Todo fato passa pelo filtro de um ponto de vista e toda notícia é só um ponto de vista sobre um acontecimento. Se olharmos um mesmo objeto através de diferentes ângulos a visão sobre o mesmo será diferente, embora o mesmo não mude. Neste sentido, diariamente, além das notícias, há uma imensa quantidade de dizeres e informações que chegam até nós. Tudo é apenas um “recorte” de algo que é (ou ao menos pode ser) muito mais amplo, editado para responder propósitos específicos (intencionalmente ou não).

Até aqui, nenhuma novidade. Desde que os humanos passaram a usar da comunicação verbal, os discursos são usados como ferramenta para alcançar objetivos específicos.

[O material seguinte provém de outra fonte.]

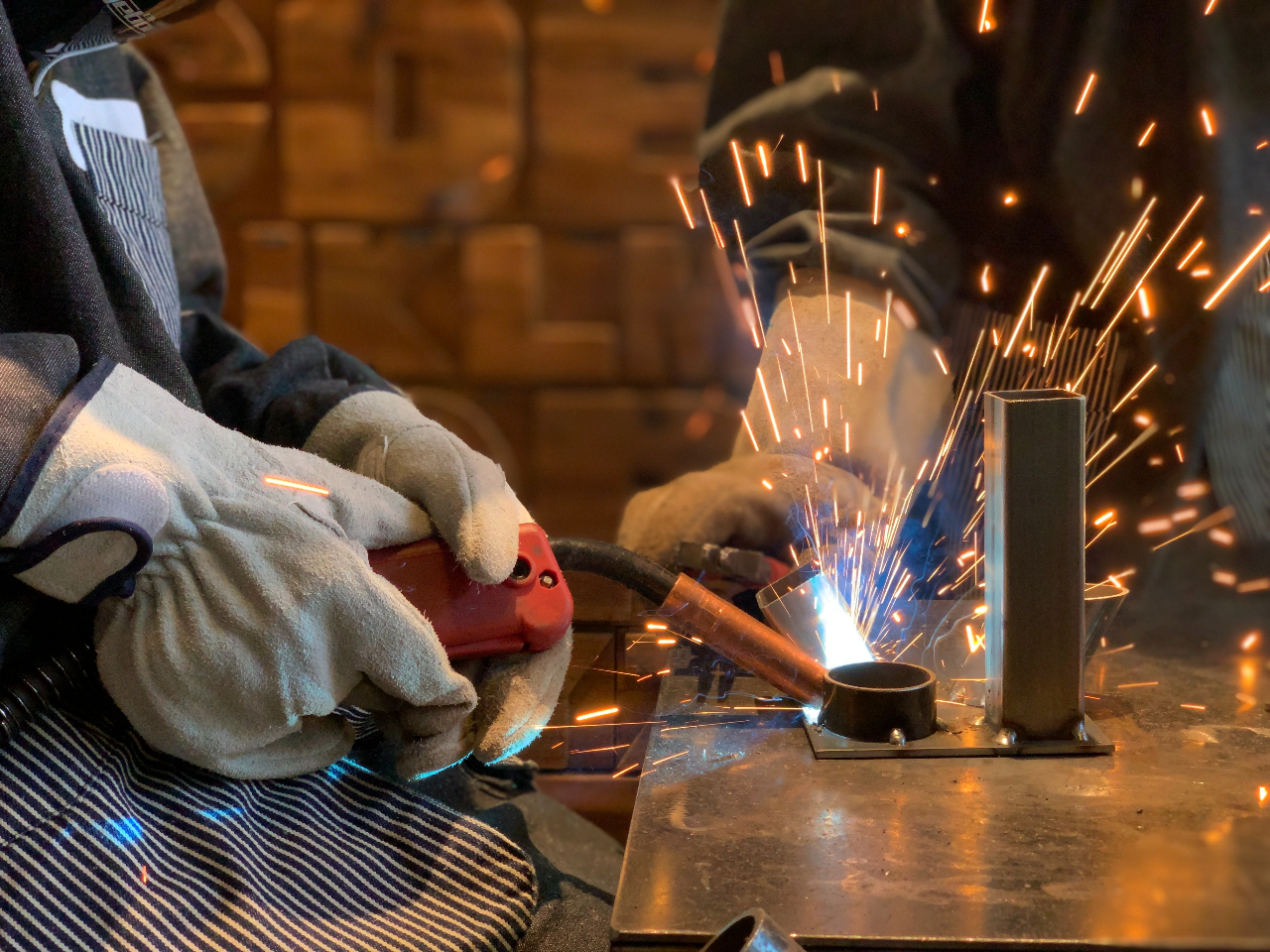 ペン立て制作の様子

A “escolha da informação”, por meio da seleção deliberada das palavras e de como alinhar uma narrativa, é parte da essência da comunicação simbólica entre as pessoas.

Desta forma, todo texto e toda fala que faça sentido para um público específico é um discurso, seja ele uma conversa informal, uma palestra, um debate, um texto publicitário, um artigo ou uma notícia da televisão. Tudo isso construído a partir da compilação cultural de quem fala ou escreve: sua trajetória de vida, crenças, visão de mundo e valores. Assim sendo, a comunicação nunca foi e provavelmente, jamais será neutra.

Os discursos também são filtrados pelo repertório cultural de quem interpreta a mensagem. E segue o enrolar ou o desenrolar do processo comunicativo porque os sentidos produzidos recebem novas intervenções e são reconstruídos.

Com o surgimento da internet e em especial com o auge das redes sociais, as falas se espalham em discursos que já não são mais de instituições da comunicação: escola, mídia, governos, empresas e líderes. Agora a comunicação é de muitos para muitos é resultado da mescla de fatos, opiniões pessoais e da mídia institucionalizada, gerando como produto novos discursos e sentidos.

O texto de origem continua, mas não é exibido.